O contraste já aparece na fachada dos antigos casarões e galpões de antigas fábricas ao lado de prédio e casas modernas. Nas ruas estreitas e pequenas vilas paralelas às grandes avenidas. Em meio à agitação da metrópole, um bairro onde ainda é possível ver a solidariedade e a amizade entre os vizinhos.

A Mooca faz parte de uma das regiões da cidade que registra o maior crescimento imobiliário, principalmente por contar com infraestrutura de lazer, serviços e cultura. Ao mesmo tempo, o bairro mantém preservados patrimônios e tradições, como a festa de San Gennaro e o Clube Atlético Juventus – segundo time do coração de muitos paulistanos.

Uma das marcas da Mooca é forte a presença da imigração italiana, perceptível não só pelo sotaque de seus moradores mais antigos, mas também pela gastronomia do bairro. Locais tradicionais como a pizzaria São Pedro e a doceria Di Cunto estão há décadas servindo pratos típicos da Itália, com a mesma qualidade dos primeiros anos de funcionamento.

Pessoalmente, essa região, que inclui Mooca, Brás e Tatuapé, me traz grandes recordações. Lembro bem das torres da fábrica Matarazzo, que já eram um símbolo do potencial de produção e trabalho de São Paulo.

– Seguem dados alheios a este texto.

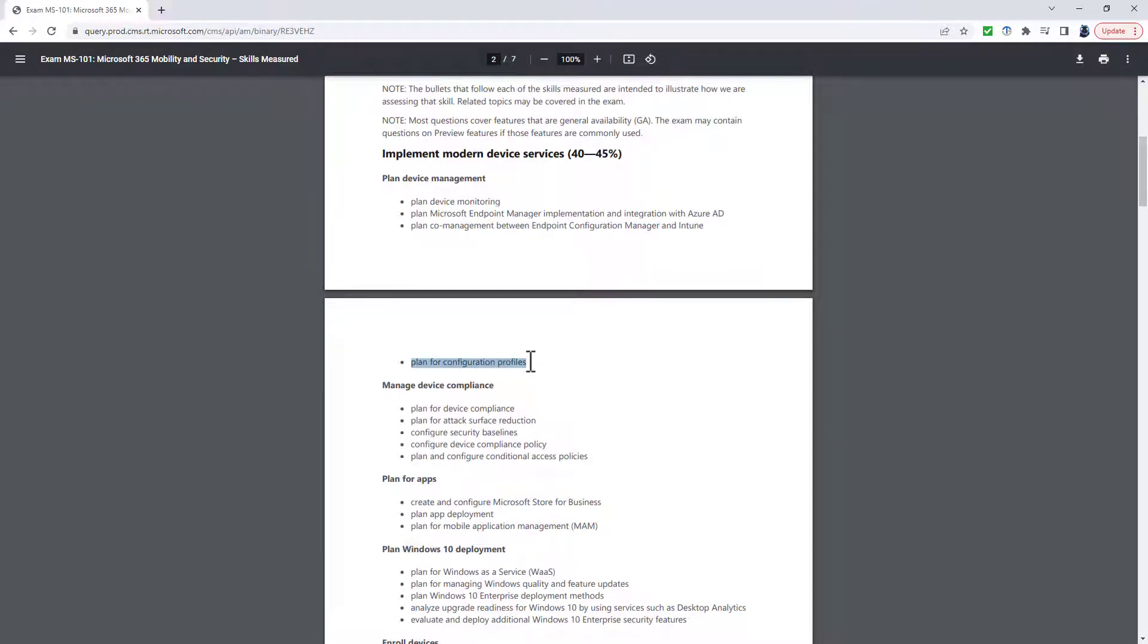But the next one, Plan for Configuration Profiles is being more specific. So you could say, well, is it just for Windows? Is it just for mobile devices? Actually, it's for all of them.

Também ainda guardo na memória as festas da igreja de Casaluce, que além dos sabores, marcaram pela alegria e energia de trabalho dos imigrantes e descendentes italianos.

Não por acaso, é nesse bairro tão marcado pela imigração europeia – além dos italianos, há colônias de lituanos e iugoslavos – que foi instalado o Museu da Imigração. As ruas da Mooca e do Brás já são uma viagem pela história do desenvolvimento de São Paulo.